The combatants are not only well armed but well cast. Metcalf is best known for her Emmy-winning performance on TV’s Roseanne. But she has earned rave reviews for her stage work, with Tony Award nods for November, The Other Place, and, most recently, Misery. Says Hnath, “Laurie is incredibly precise, has an extraordinary sense of rhythm, and she is hilarious. It’s exhilarating and a lot of fun to see the shifts in her train of thought, to watch her have new ideas and change tactics on the spot as she negotiates with other characters.”

Metcalf says that she was struck by the “push-pull” of the unique mix of Victorian costumes with language that is very contemporary and accessible. “I wear a corset, but I can slouch — and I do,” she says with a laugh. “Lucas’ play is inspired by a classic but it’s not a classic, so that gives us a free pass to be riskier, to be a little less delicate. When I’m in the room with Chris, it’s fun right off the bat, because even though Nora and Torvald are tense with each other, there’s such a history between them that it’s kind of funny to see them back together. They’re both still so mad!”

The actress has a worthy sparring partner in Cooper, who is returning to the Broadway stage after an absence of more than three decades, during which time he built a distinguished film career and picked up an Oscar for Adaptation. “To pull off Torvald,” says Hnath, “you have to be really good at being silent for long stretches of time, and Chris is the master of silences. But when he does speak, he can be heartbreaking at the same time. You can see the struggle for this guy, living in this new world that he can’t quite understand.”

Houdyshell, fresh off her Tony Award win for The Humans, is also drawn into the ring as Anne Marie, the nanny who has been left to care for the family after Nora’s abandonment. Gold says that what he recognized in the veteran actress is also what drew him to Rashad, a two-time Tony nominee (Stick Fly, The Trip to Bountiful), who plays Nora’s daughter, Emmy, who proves to be as smart and conniving as the mother she has never known. “They are both so natural, so grounded, and so powerful,” says Gold. “I think what I was looking for in casting this play is effortlessness. Jayne and Condola exemplify that.”

Houdyshell says she’s struck by the contemporary resonances in the play. “The issues of social and gender inequality that were instigated with Nora’s door slam nearly a century ago are still with us, perhaps more now than ever before.
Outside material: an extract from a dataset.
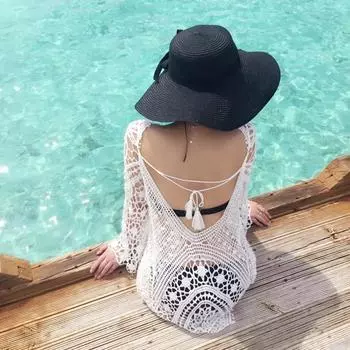 Сексуальная пляжная накидка с открытой спиной, вязаный крючком купальник, туники для пляжа, женская пляжная одежда, накидки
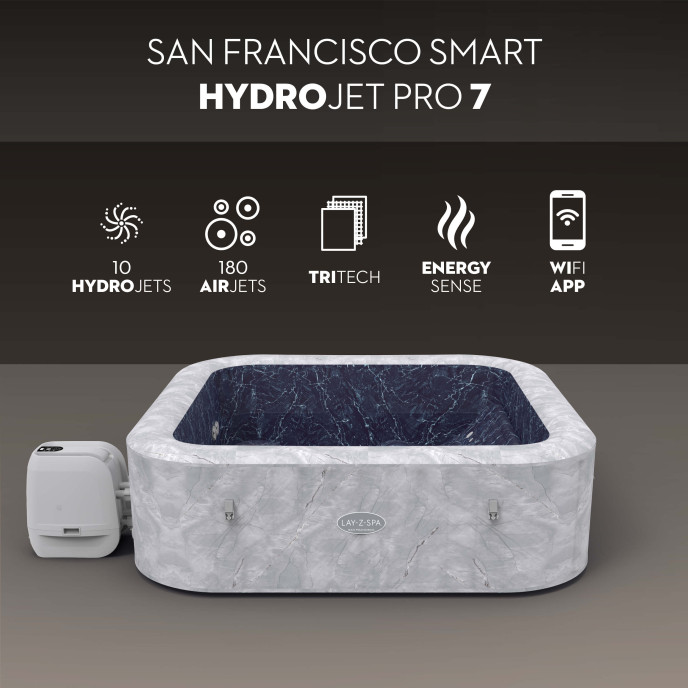 Spa gonflable Lay-Z-Spa San Francisco carré (5 à 7 places) - Wifi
But Lucas is such a witty writer that there’s nothing grim about the way he explores these things even though he does it with such passion and such intelligence,” says the actress. “It’s an exciting room to be in, I’ll tell you.”

The tumult and earthiness of Hnath’s play would demand an ensemble as daring and unerringly honest as the cast that Gold has assembled. But the playwright says that there are ephemeral considerations as well. “When you look at Ibsen’s plays, they push past the concrete into the spiritual, and that’s something that I’ve been thinking about a lot in writing this play,” he says. “I knew it had to transcend the concrete stakes of what the characters are trying to make happen and into something more mysterious. With me, there’s a constant search for something that is very hard to put your hands on.”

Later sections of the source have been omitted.